Лесковское ожерелье - страница 45
Хроника — это прежде всего отказ от крепкой и ясной интриги: повествование начинает виться прихотливой лентой, как раскручивающийся свиток, как бесконечная непредсказуемая нить.
Это, далее, отказ от упора на внешние «козни». От самой идеи, что начало чистое и светлое атакуется чем-то извне. Лесков освобождается от этой идеи с трудом; тени опасных «поляков» и подлых «нигилистов» еще мечутся по хронике, но все чаще возникает догадка: а может, дело не в «кознях»?
Наконец, главное: хроника — это отказ от веры в изначальное, химически чистое благородство, лежащее в основе всей шкалы ценностей. Основа зыблется, контуры дробятся, шкала то и дело кренится на сторону. Отношение повествователя к происходящему вибрирует. Удаль оказывается неотделима от холопьей подлости, молодецкое казакование от духовной лени, доброта идет об руку с ликующей глупостью, а бесшабашное просветление неожиданно возникает на самом дне униженности: прощая насильника, жертва подчиняет его себе и тем самым вгоняет в окончательное рабство, и не различишь, где же тут справедливость, а где новый самообман, где впору автору плакать, где смеяться, а где просто вздыхать вослед Гоголю: Русь, куда ж несешься ты…

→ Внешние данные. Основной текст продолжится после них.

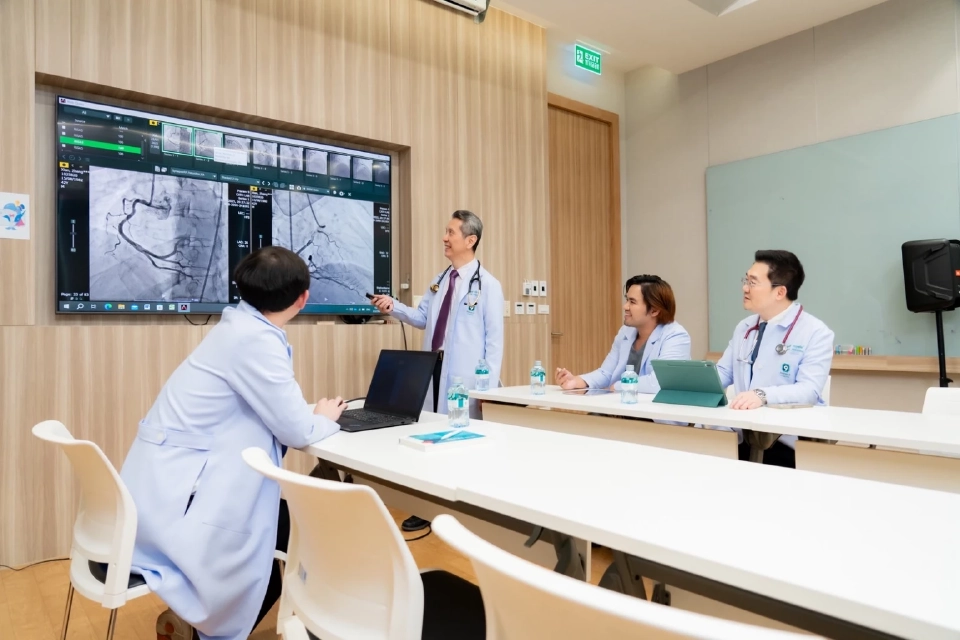 คนไทยป่วย "โรคหลอดเลือดหัวใจอุดตัน" พุ่ง 5 แสนรายต่อปี เสี่ยงเสียชีวิตสูง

Разумеется, нужна интуиция гения, чтобы броситься в эти хляби с устойчивых твердынь традиционной романистики. Ориентиры более не работают: ни Тургенев, ни Гончаров, ни Достоевский. Теперь голос Лескова режуще одинок, и речь его ни на что не похожа. Полубезумные легенды, то бегущие с лихорадочной скоростью от сюжета к сюжету, то возвращающиеся и замирающие, но непременно усыпанные «словечками», чуть не сплошь покрытые «узорочьем» стиля. Никакой пропорциональности и никакой перспективы… О, долго будет привыкать наша критика к этому лесковскому сказыванию и будет гадать: что бы значила эта затейливая форма? А это не форма. Это… содержание. Это глубоко содержательный и совершенно новый тип повествования, при котором интонация рассказчика дробится обертонами: лукавыми, нелогичными, ироничными, чуть не шутовскими оттенками; и так расщепляется в ткани текста сама концепция монолитного, однозначного и уверенно-ясного знания о человеке.
Было ли это новое знание (и форма выражения его) уже освоено Лесковым? Вполне. В очерках, в рассказах, в бывальщинах, шедших необязательным «фоном» к его крупным произведениям. Этой «бывальщины» и не замечал никто, как прохлопали «Леди Макбет Мценского уезда». Они, эти зарисовки с натуры, вечно были затерты программными романами Лескова.
Теперь настает момент поворота: «кусочки» сращиваются в «свиток».
Решение ответственнейшее: «Это будет хроника, а не роман». «Вещь у нас мало привычная…»
«…Но зато поучимся».
Хроника не имеет «начала». Вернее, она возникает от «начала времен». Старый Город, символизирующий Русскую Землю, не ставится велением князя-завоевателя, он вырастает из Земли как бы сам собой, трудами людей, избравших сие место для жизни. Он есть детище Земли, ставшее во времена доисторические — во дни оны.
То, что в эпическом этом Городе вскоре обнаруживаются сады и домики явно орловского происхождения, не колеблет ощущения, что перед нами всеобщая модель русской Вселенной.
Равным образом пращуры, коснеющие в язычестве, или, как выражается сказание, в поганстве, не вызывают в нас скорби по поводу их ограниченности — это эпические герои, и они живут по своим законам.
Наивность, побуждающая их с регулярной безнадежностью сражаться против войск центральной власти, не колеблет их величия; упрямые старгородцы ложатся побиваемые, но душой не склоняются перед Антихристом.
Возникает странное ощущение наивности, граничащей с глупостью. Но это не та глупость, которую изобличает Салтыков-Щедрин, как раз в эту пору приступающий к «Истории одного города»: Щедрин пародирует русский эпос; у него глупость глуповцев — понятие в основе своей однозначное. Наивность же лесковских старгородцев — это глупость, неуловимо отдающая мудростью… что не мешает ей оставаться оглушительной глупостью в условиях «мира сего».
Фигуры героев, цепочкой выплывающих из первозданного тумана, зыблются на этой грани.